EXERCISE:
All records are to be retyped faithfully and completely.

EXCERPTED RECORDS:
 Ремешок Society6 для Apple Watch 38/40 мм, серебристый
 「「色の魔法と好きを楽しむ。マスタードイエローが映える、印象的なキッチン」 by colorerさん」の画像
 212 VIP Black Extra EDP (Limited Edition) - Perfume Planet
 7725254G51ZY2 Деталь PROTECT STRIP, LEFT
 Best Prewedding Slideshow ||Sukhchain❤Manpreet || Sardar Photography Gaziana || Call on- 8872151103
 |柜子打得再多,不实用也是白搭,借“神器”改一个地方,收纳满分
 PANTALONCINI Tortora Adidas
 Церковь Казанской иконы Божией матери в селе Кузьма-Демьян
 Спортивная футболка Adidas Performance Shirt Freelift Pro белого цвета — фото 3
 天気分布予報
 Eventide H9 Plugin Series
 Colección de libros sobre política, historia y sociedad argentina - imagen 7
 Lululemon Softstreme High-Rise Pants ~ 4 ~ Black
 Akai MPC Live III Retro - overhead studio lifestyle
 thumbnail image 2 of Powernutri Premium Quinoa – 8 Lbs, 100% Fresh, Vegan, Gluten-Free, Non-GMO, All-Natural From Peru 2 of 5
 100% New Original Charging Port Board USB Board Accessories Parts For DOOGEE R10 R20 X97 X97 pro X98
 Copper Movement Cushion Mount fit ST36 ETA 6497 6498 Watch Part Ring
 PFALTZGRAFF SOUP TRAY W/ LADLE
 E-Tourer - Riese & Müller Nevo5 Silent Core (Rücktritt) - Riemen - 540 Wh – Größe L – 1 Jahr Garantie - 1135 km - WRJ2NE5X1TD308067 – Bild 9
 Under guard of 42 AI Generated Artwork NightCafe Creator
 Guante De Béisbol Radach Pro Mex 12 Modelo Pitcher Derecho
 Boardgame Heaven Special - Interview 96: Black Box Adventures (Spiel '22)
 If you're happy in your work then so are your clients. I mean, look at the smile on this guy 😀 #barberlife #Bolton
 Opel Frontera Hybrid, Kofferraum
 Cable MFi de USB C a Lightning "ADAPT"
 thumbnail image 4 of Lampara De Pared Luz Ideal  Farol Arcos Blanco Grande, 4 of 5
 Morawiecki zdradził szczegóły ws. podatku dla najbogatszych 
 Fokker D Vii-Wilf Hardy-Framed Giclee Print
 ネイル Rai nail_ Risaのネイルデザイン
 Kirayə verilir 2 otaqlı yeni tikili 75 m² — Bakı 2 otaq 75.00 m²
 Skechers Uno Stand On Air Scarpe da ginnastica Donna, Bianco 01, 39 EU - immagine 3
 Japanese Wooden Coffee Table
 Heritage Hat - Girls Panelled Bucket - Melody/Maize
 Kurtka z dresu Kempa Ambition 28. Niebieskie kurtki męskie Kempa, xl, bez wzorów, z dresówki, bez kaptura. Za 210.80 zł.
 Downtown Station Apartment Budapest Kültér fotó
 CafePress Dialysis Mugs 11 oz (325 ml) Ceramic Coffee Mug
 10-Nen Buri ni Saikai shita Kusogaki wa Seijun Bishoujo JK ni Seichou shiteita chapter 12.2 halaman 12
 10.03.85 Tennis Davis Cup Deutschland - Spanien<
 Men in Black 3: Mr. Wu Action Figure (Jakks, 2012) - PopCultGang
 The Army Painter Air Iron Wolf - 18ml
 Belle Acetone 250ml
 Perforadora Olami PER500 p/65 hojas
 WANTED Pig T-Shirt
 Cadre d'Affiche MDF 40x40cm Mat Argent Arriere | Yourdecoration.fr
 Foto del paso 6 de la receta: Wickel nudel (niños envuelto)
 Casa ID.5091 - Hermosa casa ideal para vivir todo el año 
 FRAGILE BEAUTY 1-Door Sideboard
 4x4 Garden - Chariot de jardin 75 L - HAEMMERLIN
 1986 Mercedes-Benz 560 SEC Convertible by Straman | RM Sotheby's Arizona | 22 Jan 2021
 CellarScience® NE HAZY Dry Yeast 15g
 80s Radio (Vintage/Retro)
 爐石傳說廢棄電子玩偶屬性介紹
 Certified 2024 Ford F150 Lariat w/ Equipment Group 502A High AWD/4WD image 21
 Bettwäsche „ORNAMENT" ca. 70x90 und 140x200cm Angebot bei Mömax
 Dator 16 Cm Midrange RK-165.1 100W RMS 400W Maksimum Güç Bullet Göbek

THE ANSWER:
 Ремешок Society6 для Apple Watch 38/40 мм, серебристый
 「「色の魔法と好きを楽しむ。マスタードイエローが映える、印象的なキッチン」 by colorerさん」の画像
 212 VIP Black Extra EDP (Limited Edition) - Perfume Planet
 7725254G51ZY2 Деталь PROTECT STRIP, LEFT
 Best Prewedding Slideshow ||Sukhchain❤Manpreet || Sardar Photography Gaziana || Call on- 8872151103
 |柜子打得再多,不实用也是白搭,借“神器”改一个地方,收纳满分
 PANTALONCINI Tortora Adidas
 Церковь Казанской иконы Божией матери в селе Кузьма-Демьян
 Спортивная футболка Adidas Performance Shirt Freelift Pro белого цвета — фото 3
 天気分布予報
 Eventide H9 Plugin Series
 Colección de libros sobre política, historia y sociedad argentina - imagen 7
 Lululemon Softstreme High-Rise Pants ~ 4 ~ Black
 Akai MPC Live III Retro - overhead studio lifestyle
 thumbnail image 2 of Powernutri Premium Quinoa – 8 Lbs, 100% Fresh, Vegan, Gluten-Free, Non-GMO, All-Natural From Peru 2 of 5
 100% New Original Charging Port Board USB Board Accessories Parts For DOOGEE R10 R20 X97 X97 pro X98
 Copper Movement Cushion Mount fit ST36 ETA 6497 6498 Watch Part Ring
 PFALTZGRAFF SOUP TRAY W/ LADLE
 E-Tourer - Riese & Müller Nevo5 Silent Core (Rücktritt) - Riemen - 540 Wh – Größe L – 1 Jahr Garantie - 1135 km - WRJ2NE5X1TD308067 – Bild 9
 Under guard of 42 AI Generated Artwork NightCafe Creator
 Guante De Béisbol Radach Pro Mex 12 Modelo Pitcher Derecho
 Boardgame Heaven Special - Interview 96: Black Box Adventures (Spiel '22)
 If you're happy in your work then so are your clients. I mean, look at the smile on this guy 😀 #barberlife #Bolton
 Opel Frontera Hybrid, Kofferraum
 Cable MFi de USB C a Lightning "ADAPT"
 thumbnail image 4 of Lampara De Pared Luz Ideal  Farol Arcos Blanco Grande, 4 of 5
 Morawiecki zdradził szczegóły ws. podatku dla najbogatszych 
 Fokker D Vii-Wilf Hardy-Framed Giclee Print
 ネイル Rai nail_ Risaのネイルデザイン
 Kirayə verilir 2 otaqlı yeni tikili 75 m² — Bakı 2 otaq 75.00 m²
 Skechers Uno Stand On Air Scarpe da ginnastica Donna, Bianco 01, 39 EU - immagine 3
 Japanese Wooden Coffee Table
 Heritage Hat - Girls Panelled Bucket - Melody/Maize
 Kurtka z dresu Kempa Ambition 28. Niebieskie kurtki męskie Kempa, xl, bez wzorów, z dresówki, bez kaptura. Za 210.80 zł.
 Downtown Station Apartment Budapest Kültér fotó
 CafePress Dialysis Mugs 11 oz (325 ml) Ceramic Coffee Mug
 10-Nen Buri ni Saikai shita Kusogaki wa Seijun Bishoujo JK ni Seichou shiteita chapter 12.2 halaman 12
 10.03.85 Tennis Davis Cup Deutschland - Spanien<
 Men in Black 3: Mr. Wu Action Figure (Jakks, 2012) - PopCultGang
 The Army Painter Air Iron Wolf - 18ml
 Belle Acetone 250ml
 Perforadora Olami PER500 p/65 hojas
 WANTED Pig T-Shirt
 Cadre d'Affiche MDF 40x40cm Mat Argent Arriere | Yourdecoration.fr
 Foto del paso 6 de la receta: Wickel nudel (niños envuelto)
 Casa ID.5091 - Hermosa casa ideal para vivir todo el año 
 FRAGILE BEAUTY 1-Door Sideboard
 4x4 Garden - Chariot de jardin 75 L - HAEMMERLIN
 1986 Mercedes-Benz 560 SEC Convertible by Straman | RM Sotheby's Arizona | 22 Jan 2021
 CellarScience® NE HAZY Dry Yeast 15g
 80s Radio (Vintage/Retro)
 爐石傳說廢棄電子玩偶屬性介紹
 Certified 2024 Ford F150 Lariat w/ Equipment Group 502A High AWD/4WD image 21
 Bettwäsche „ORNAMENT" ca. 70x90 und 140x200cm Angebot bei Mömax
 Dator 16 Cm Midrange RK-165.1 100W RMS 400W Maksimum Güç Bullet Göbek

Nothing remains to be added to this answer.